A barrage of news coverage stemming from Colby’s experience in outlets including The San Francisco Chronicle, The Contra Costa Times, KGO Radio News and KPIX News ensued, creating new pressure on the State Assembly to pass mop up legislation that would eliminate the funding bubble. On May 30th, this legislation (AB 1712) did pass unanimously on the Assembly floor and now awaits action in the State Senate.
“We recognize that there are state mandates without state funding in play, and encourage the state to consider dedicated funding to support the extension of foster care,” said a handful of Contra Costa County Supervisors through a statement given to The Chronicle. “However, children who enter our system are ours until they are successfully launched; that’s the commitment our child welfare workers show with each and every case, no matter how difficult the circumstances.”
For the county’s 43 “bubble kids,” this commitment is embodied by the ILSP program run by 20-year child welfare veteran Don Graves.
Under Graves’ watch, Contra Costa County’s ILSP moved into a 10,000 square foot facility in 2001, making it a one-stop shop for foster youth in need of services.

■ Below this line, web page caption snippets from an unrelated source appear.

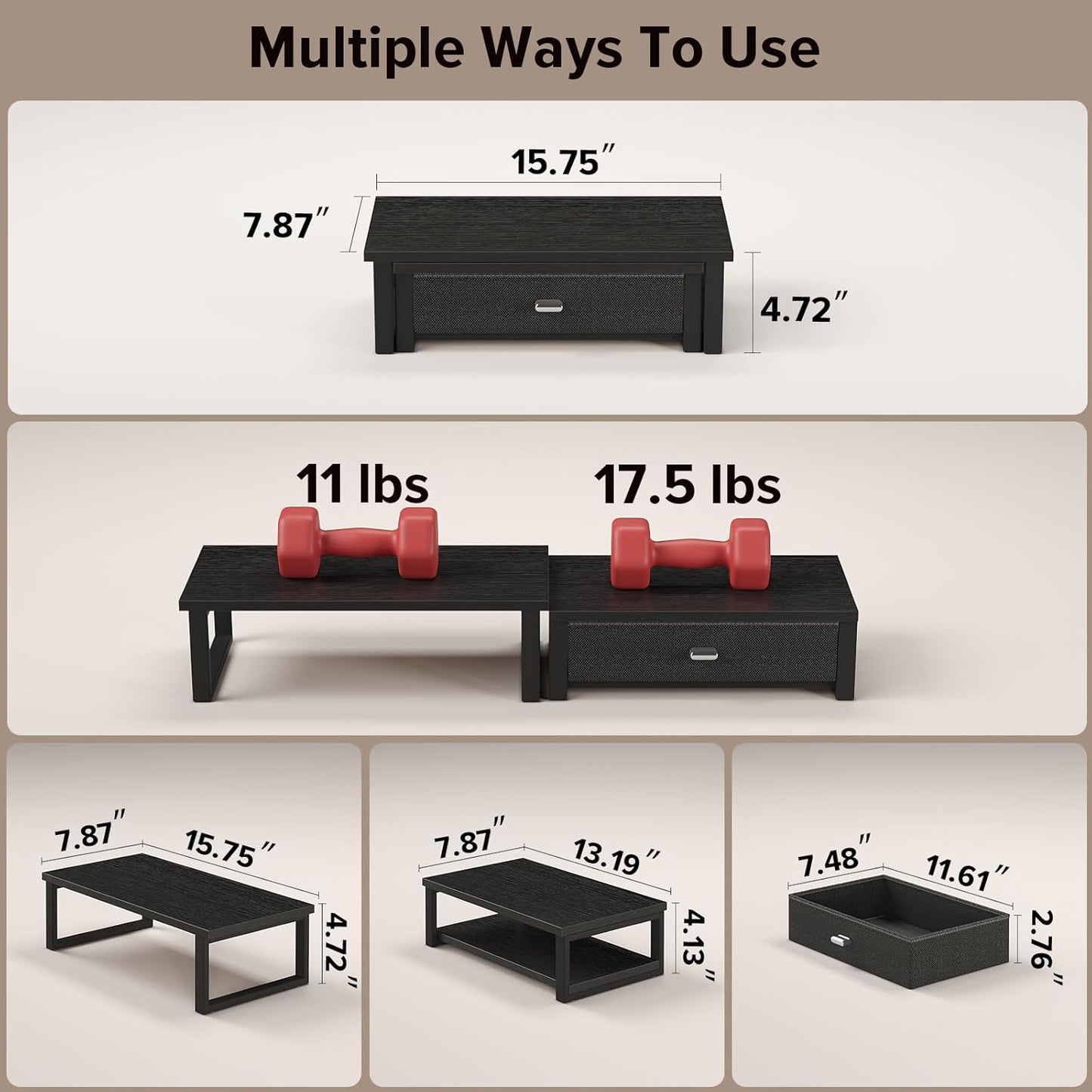 WOHOMO Dual Monitor Stand Riser with Drawers, Wood Desk Organizers for 2 Monitors, Desktop Storage Stand for Computer, Laptop, Black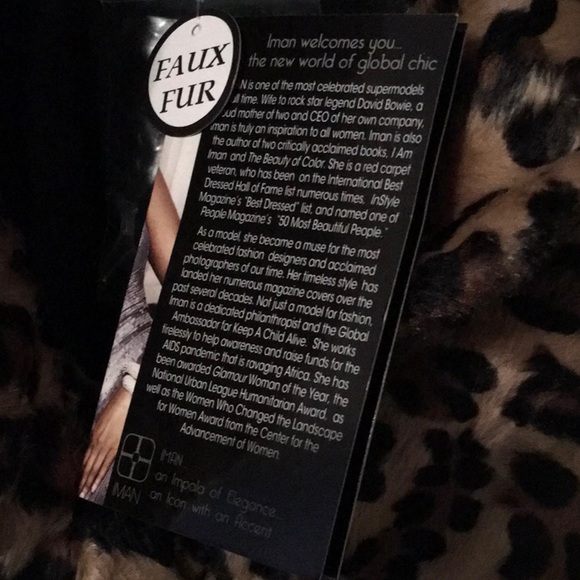 NWT,IMAN Global Chic,size 1X,Faux Leopard Fur,Swing Coat, full sleeves Buttons - Picture 3 of 8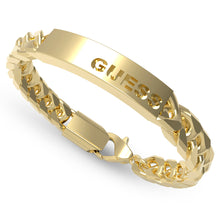 Load image into Gallery viewer, Guess Mens Jewellery Gold Plated Stainless Steel 8mm Logo Tag Bracelet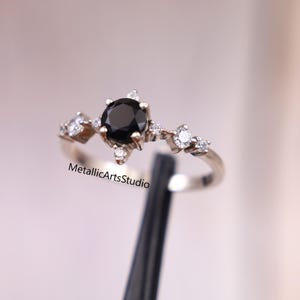 Natural Black Onyx Round Cut Minimalist Ring, Black Onyx Engagement Ring, Promise Wedding Ring, Black Diamond Ring, Graduation Gift For Her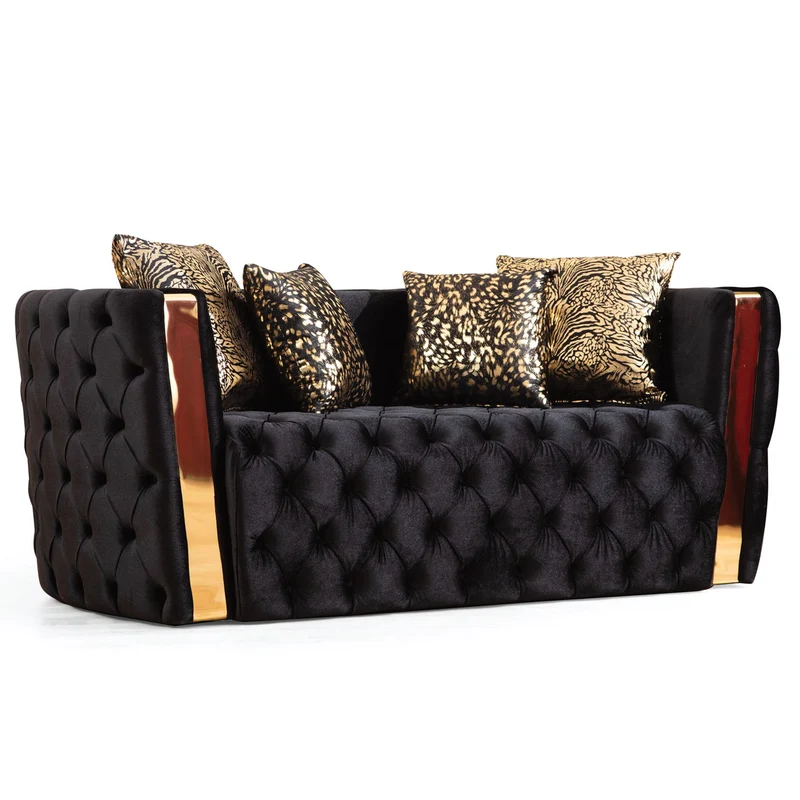 Naomi - Button Tufted Loveseat Black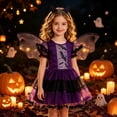 thumbnail image 3 of XXWXYD Purple Black Bat Dress-Up Outfit Set for Girls, Tulle Dress with Sheer Bat Wings and Bat Ear Headband Halloween Stage Party, Soft Cozy Warm Fleece Plush Jumpsuit, 3 of 4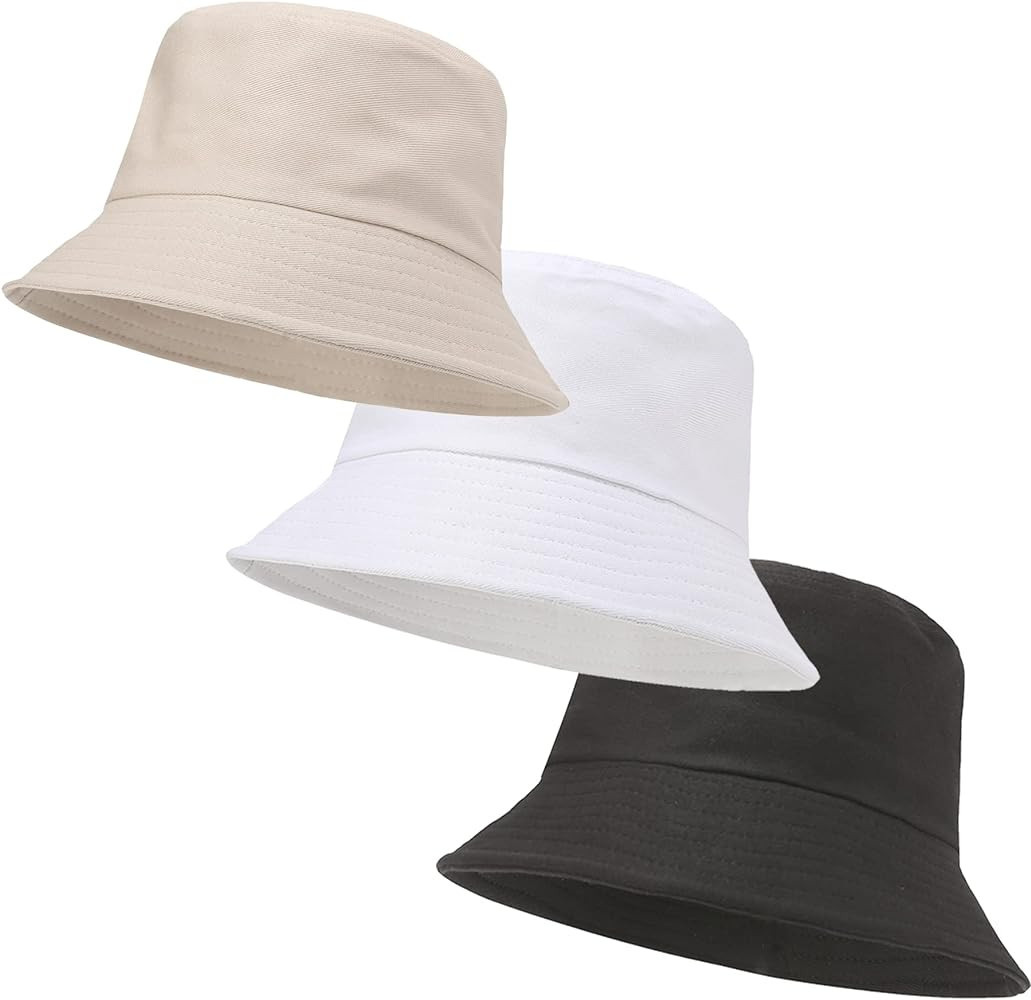 3 Packs Unisex Athletic Bucket Hat Solid Colors Sun Hat with UV Protection for Outdoor Sports Pac... | Amazon (US)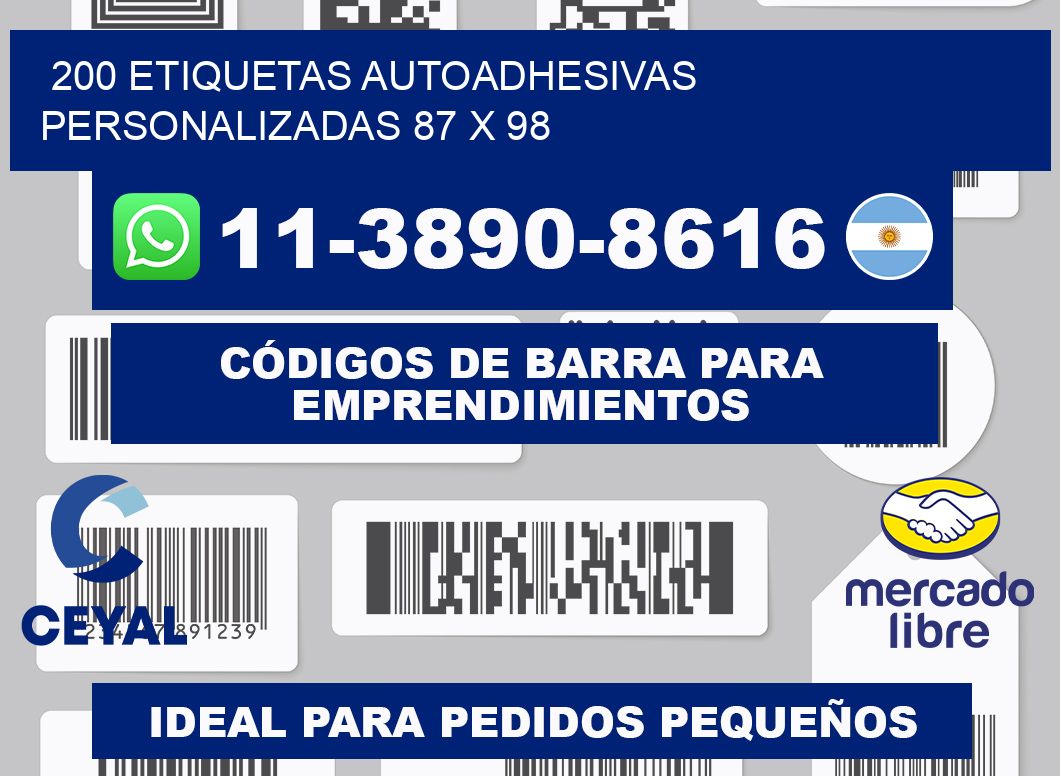 200 Etiquetas autoadhesivas personalizadas 87 x 98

From a state of the art kitchen used to provide basic cooking classes to a computer lab housing more than thirty computers for the kids to use to find employment. The facility also has a wardrobe closet filled with new and used clothes and shoes that are readily available to youth as well as a shower and hygiene closet.
ILSP works with the Transitional Housing Program (THP Plus) to help foster youth who have aged out find housing. The program also uses a Host-Home model of housing where families are able to rent out space in their homes to emancipated foster youth.
While the state contemplates filling in the funding bubble, Graves and the ILSP program are left trying to live up to its intent without an influx of cash to do so.
“We have focused on fund-raising to help augment the dwindling dollars allocated to ILSP, “said Graves, adding that excursions and trips have already been limited. “We created a non-profit umbrella account with our volunteer and emergency services where we are able to receive cash donations from the community.”
A significant amount of time is put into identifying funding sources and applying for various grants to help fund ILSP services. Contra Costa County’s ILSP received $9,000 for two year’s to support the upkeep of the facilities food pantry and recently received a $15,000 grant from Orinda’s Women Club was given to support extended care services.
Graves, who sees the extension of foster care as the realization of years of advocacy, is undaunted.
“I believe I’ve been called to do this work,” he said. “We have a moral obligation to look after these young adults.”